====== EXERCISE MATERIALS
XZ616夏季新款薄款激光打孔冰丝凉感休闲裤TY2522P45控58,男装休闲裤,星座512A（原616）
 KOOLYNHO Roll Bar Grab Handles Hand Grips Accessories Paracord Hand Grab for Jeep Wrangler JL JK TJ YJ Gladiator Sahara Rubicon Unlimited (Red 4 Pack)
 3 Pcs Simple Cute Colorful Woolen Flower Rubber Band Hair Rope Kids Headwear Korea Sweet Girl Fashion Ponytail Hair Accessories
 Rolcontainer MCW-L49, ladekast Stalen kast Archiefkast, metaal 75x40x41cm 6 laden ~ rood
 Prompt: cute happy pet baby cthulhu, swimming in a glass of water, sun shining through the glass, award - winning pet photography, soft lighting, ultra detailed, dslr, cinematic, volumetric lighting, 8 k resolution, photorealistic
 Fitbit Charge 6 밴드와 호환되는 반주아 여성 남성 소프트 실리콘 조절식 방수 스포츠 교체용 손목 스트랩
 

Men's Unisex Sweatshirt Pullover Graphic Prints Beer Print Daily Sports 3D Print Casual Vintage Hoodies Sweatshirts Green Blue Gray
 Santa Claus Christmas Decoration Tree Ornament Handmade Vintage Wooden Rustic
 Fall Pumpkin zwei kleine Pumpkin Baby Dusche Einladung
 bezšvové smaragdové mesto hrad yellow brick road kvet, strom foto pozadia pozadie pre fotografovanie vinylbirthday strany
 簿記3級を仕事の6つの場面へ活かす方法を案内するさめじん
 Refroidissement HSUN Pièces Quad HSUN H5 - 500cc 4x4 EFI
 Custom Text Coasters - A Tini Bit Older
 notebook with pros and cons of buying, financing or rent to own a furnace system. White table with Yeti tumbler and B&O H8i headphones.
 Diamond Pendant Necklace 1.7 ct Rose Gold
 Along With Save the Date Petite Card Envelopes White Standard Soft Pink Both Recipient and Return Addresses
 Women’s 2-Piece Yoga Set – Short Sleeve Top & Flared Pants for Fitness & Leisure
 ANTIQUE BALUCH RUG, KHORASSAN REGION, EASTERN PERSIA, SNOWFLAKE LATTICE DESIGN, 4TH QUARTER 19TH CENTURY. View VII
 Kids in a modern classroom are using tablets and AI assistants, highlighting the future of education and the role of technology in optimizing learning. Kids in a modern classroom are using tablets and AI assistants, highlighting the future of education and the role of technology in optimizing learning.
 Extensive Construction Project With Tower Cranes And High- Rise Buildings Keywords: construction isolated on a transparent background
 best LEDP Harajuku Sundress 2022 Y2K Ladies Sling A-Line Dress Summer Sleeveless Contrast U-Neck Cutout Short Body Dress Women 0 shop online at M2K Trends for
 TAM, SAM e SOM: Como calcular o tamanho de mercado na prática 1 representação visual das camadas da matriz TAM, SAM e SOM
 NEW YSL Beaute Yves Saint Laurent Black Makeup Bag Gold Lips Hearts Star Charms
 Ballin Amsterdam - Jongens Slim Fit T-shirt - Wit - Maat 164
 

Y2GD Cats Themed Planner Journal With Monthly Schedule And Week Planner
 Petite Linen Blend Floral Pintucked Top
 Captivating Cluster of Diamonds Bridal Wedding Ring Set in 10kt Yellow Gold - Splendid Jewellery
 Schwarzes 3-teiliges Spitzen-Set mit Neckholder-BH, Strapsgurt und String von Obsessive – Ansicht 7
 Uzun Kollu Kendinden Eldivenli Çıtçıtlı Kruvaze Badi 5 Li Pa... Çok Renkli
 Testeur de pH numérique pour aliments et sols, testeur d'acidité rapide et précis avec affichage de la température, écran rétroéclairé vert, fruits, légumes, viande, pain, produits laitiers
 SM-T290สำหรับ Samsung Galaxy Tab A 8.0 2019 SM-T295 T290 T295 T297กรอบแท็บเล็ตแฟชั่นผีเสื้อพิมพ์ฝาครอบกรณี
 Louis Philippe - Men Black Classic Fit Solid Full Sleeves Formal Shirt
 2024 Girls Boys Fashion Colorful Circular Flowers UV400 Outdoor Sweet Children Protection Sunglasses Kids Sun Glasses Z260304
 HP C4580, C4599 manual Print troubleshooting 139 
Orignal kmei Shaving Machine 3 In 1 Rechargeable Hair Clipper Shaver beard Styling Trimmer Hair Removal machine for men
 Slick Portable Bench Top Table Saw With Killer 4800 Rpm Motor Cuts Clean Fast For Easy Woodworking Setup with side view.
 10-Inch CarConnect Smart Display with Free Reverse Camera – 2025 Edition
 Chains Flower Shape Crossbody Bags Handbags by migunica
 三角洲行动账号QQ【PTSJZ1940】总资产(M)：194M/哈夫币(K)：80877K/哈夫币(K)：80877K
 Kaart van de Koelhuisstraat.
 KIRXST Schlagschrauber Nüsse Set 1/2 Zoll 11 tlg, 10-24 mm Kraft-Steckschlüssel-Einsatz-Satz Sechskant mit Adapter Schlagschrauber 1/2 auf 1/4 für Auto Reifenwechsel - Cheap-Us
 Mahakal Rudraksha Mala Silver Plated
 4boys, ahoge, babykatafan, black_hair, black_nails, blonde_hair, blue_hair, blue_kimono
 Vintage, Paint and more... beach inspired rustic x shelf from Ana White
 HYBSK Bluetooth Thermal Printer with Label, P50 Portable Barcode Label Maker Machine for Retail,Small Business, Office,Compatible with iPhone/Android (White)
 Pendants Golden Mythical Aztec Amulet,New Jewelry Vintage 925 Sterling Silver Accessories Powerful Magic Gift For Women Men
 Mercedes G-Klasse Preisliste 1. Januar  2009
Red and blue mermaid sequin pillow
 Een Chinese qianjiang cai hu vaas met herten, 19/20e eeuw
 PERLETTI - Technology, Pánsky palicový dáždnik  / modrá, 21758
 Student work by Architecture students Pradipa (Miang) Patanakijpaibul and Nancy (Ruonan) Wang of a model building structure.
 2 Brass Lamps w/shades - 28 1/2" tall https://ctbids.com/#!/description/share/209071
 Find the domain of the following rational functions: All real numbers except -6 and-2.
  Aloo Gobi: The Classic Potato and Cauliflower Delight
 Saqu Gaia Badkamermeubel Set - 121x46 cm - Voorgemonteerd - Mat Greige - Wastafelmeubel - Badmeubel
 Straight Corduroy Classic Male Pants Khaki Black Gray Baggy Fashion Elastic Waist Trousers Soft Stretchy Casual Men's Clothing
============
#### WORK TO COMPLETE
With the first line of the records as the start and the line holding "ANTIQUE BALUCH RUG, KHORASSAN" as the end, please copy exactly those lines and no others.

#### EXERCISE RESULT
XZ616夏季新款薄款激光打孔冰丝凉感休闲裤TY2522P45控58,男装休闲裤,星座512A（原616）
 KOOLYNHO Roll Bar Grab Handles Hand Grips Accessories Paracord Hand Grab for Jeep Wrangler JL JK TJ YJ Gladiator Sahara Rubicon Unlimited (Red 4 Pack)
 3 Pcs Simple Cute Colorful Woolen Flower Rubber Band Hair Rope Kids Headwear Korea Sweet Girl Fashion Ponytail Hair Accessories
 Rolcontainer MCW-L49, ladekast Stalen kast Archiefkast, metaal 75x40x41cm 6 laden ~ rood
 Prompt: cute happy pet baby cthulhu, swimming in a glass of water, sun shining through the glass, award - winning pet photography, soft lighting, ultra detailed, dslr, cinematic, volumetric lighting, 8 k resolution, photorealistic
 Fitbit Charge 6 밴드와 호환되는 반주아 여성 남성 소프트 실리콘 조절식 방수 스포츠 교체용 손목 스트랩
 

Men's Unisex Sweatshirt Pullover Graphic Prints Beer Print Daily Sports 3D Print Casual Vintage Hoodies Sweatshirts Green Blue Gray
 Santa Claus Christmas Decoration Tree Ornament Handmade Vintage Wooden Rustic
 Fall Pumpkin zwei kleine Pumpkin Baby Dusche Einladung
 bezšvové smaragdové mesto hrad yellow brick road kvet, strom foto pozadia pozadie pre fotografovanie vinylbirthday strany
 簿記3級を仕事の6つの場面へ活かす方法を案内するさめじん
 Refroidissement HSUN Pièces Quad HSUN H5 - 500cc 4x4 EFI
 Custom Text Coasters - A Tini Bit Older
 notebook with pros and cons of buying, financing or rent to own a furnace system. White table with Yeti tumbler and B&O H8i headphones.
 Diamond Pendant Necklace 1.7 ct Rose Gold
 Along With Save the Date Petite Card Envelopes White Standard Soft Pink Both Recipient and Return Addresses
 Women’s 2-Piece Yoga Set – Short Sleeve Top & Flared Pants for Fitness & Leisure
 ANTIQUE BALUCH RUG, KHORASSAN REGION, EASTERN PERSIA, SNOWFLAKE LATTICE DESIGN, 4TH QUARTER 19TH CENTURY. View VII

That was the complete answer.